To do
Under this line sits a listing. Repeat exactly and only its lines from the one holding "Now when you" through the one holding "I'm going to"; skip pictures.

*** Available records

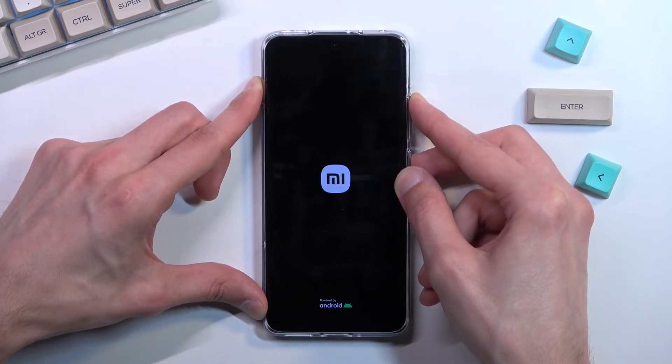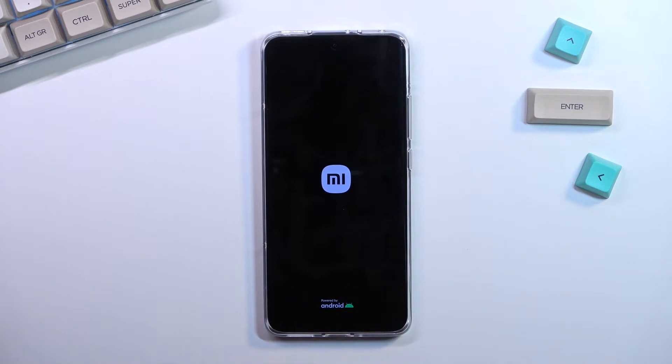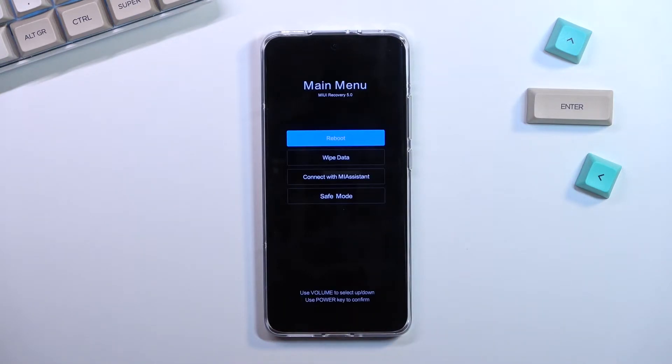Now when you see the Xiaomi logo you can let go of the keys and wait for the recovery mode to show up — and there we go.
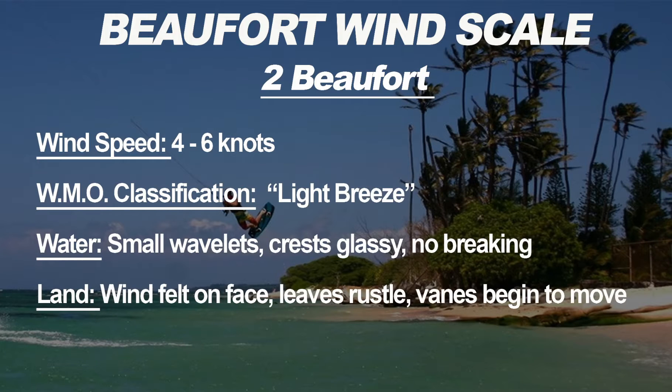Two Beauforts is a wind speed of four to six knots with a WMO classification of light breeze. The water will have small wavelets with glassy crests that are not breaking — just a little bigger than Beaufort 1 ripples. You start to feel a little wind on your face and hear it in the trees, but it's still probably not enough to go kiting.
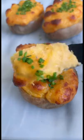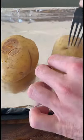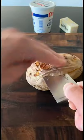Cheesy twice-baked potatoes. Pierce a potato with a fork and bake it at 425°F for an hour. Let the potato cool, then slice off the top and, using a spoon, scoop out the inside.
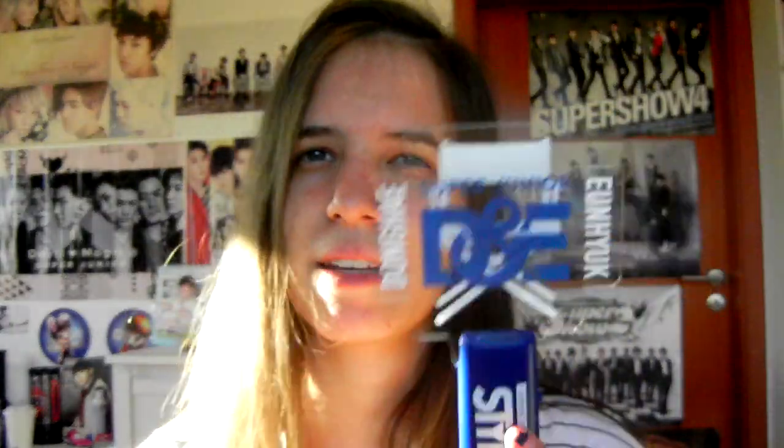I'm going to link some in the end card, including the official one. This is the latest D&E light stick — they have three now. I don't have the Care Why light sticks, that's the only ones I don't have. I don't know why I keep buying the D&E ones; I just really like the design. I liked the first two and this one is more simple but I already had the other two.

******
*** Available records

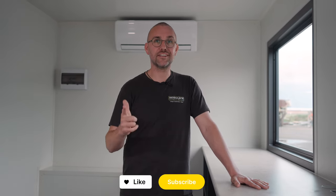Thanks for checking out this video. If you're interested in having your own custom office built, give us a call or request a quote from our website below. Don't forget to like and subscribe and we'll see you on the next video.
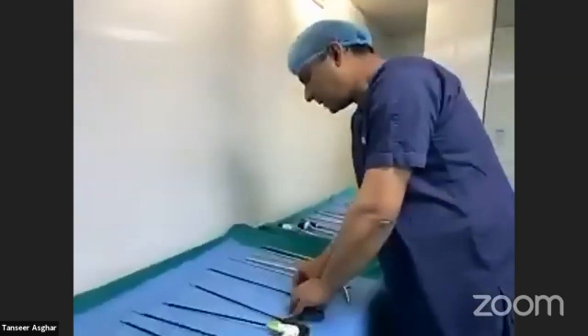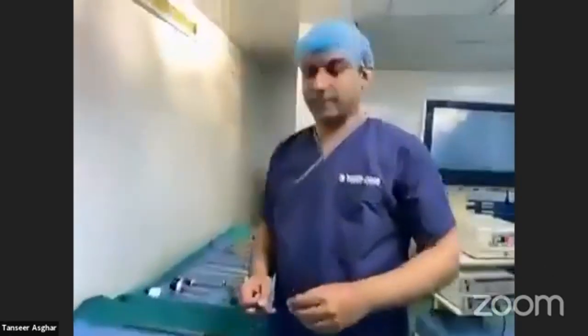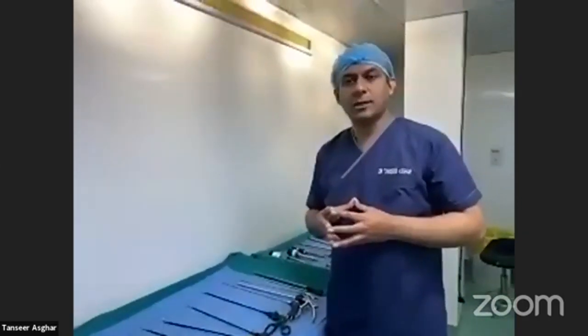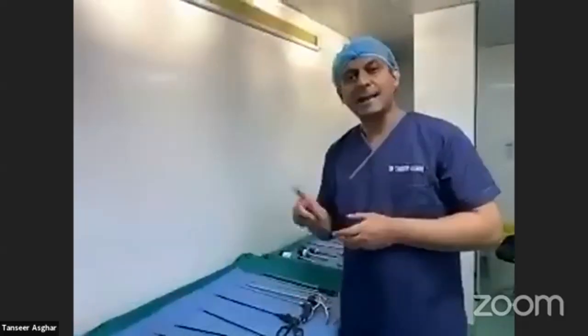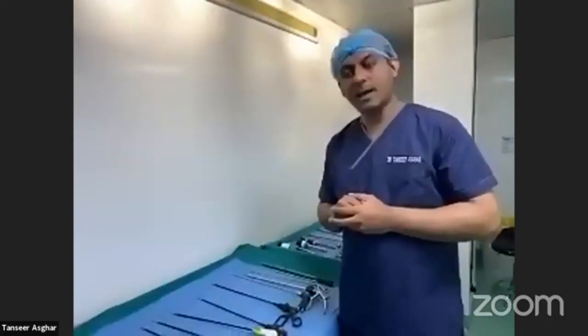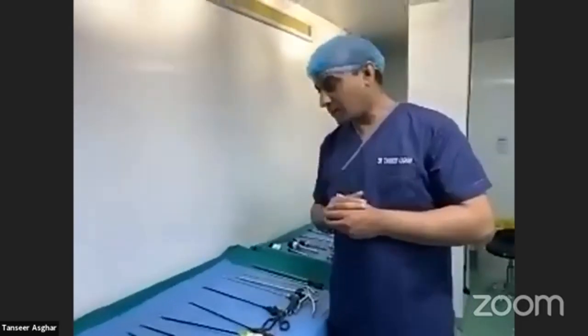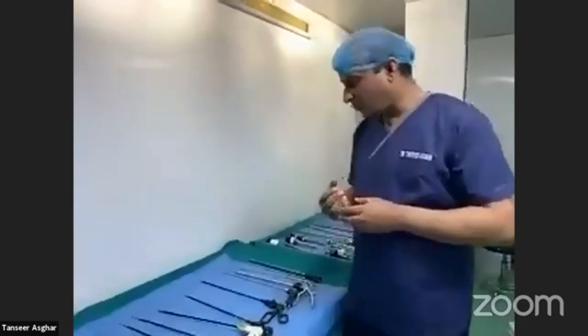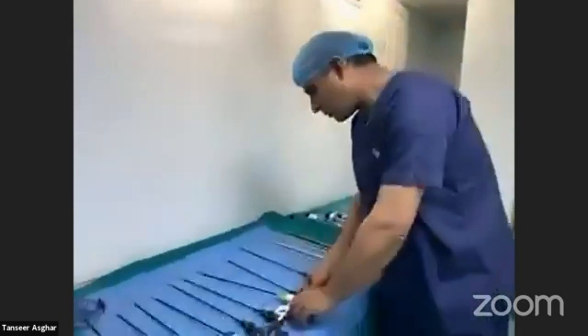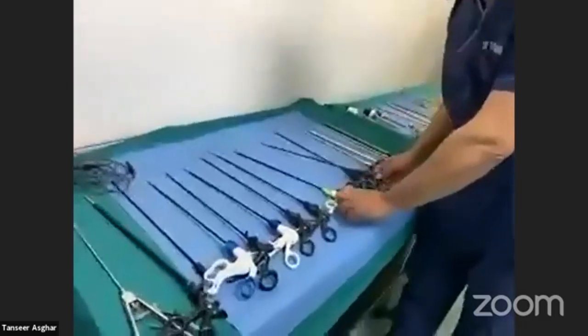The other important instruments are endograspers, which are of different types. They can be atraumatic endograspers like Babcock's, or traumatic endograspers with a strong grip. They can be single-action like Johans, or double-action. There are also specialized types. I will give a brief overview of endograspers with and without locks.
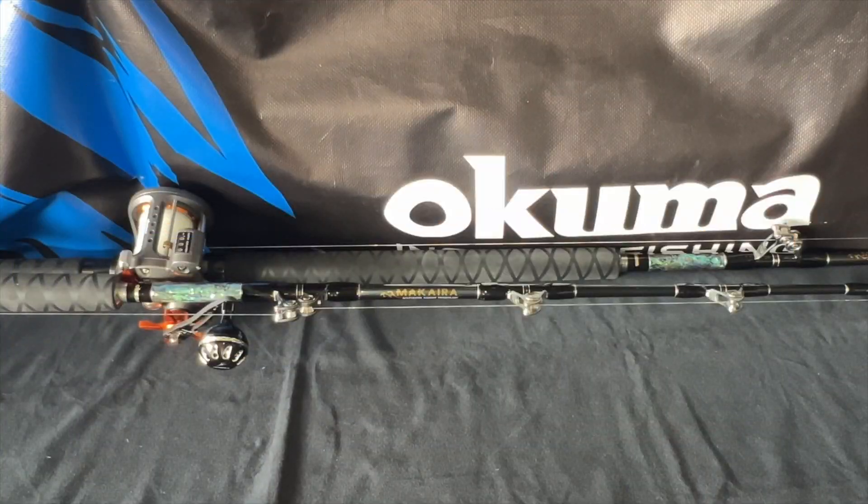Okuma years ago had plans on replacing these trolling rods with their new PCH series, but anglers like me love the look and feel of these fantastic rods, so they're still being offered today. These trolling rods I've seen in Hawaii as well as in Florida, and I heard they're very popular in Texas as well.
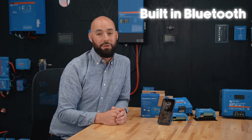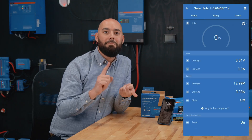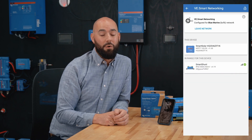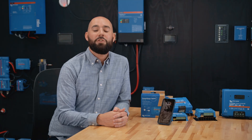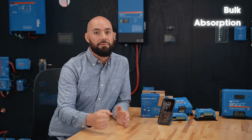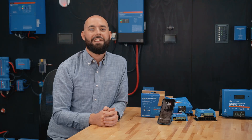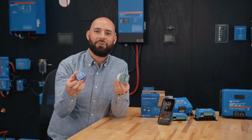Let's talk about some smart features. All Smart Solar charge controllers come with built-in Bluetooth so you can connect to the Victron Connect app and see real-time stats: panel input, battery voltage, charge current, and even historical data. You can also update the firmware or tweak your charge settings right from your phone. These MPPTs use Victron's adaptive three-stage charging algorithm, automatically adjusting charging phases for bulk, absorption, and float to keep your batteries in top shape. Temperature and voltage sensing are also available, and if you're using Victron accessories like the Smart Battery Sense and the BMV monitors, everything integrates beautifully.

******

Output below
Now when you see the Xiaomi logo you can let go of the keys and wait for the recovery mode to show up — and there we go.
Two Beauforts is a wind speed of four to six knots with a WMO classification of light breeze. The water will have small wavelets with glassy crests that are not breaking — just a little bigger than Beaufort 1 ripples. You start to feel a little wind on your face and hear it in the trees, but it's still probably not enough to go kiting.
Cheesy twice-baked potatoes. Pierce a potato with a fork and bake it at 425°F for an hour. Let the potato cool, then slice off the top and, using a spoon, scoop out the inside.
I'm going to link some in the end card, including the official one. This is the latest D&E light stick — they have three now. I don't have the Care Why light sticks, that's the only ones I don't have. I don't know why I keep buying the D&E ones; I just really like the design. I liked the first two and this one is more simple but I already had the other two.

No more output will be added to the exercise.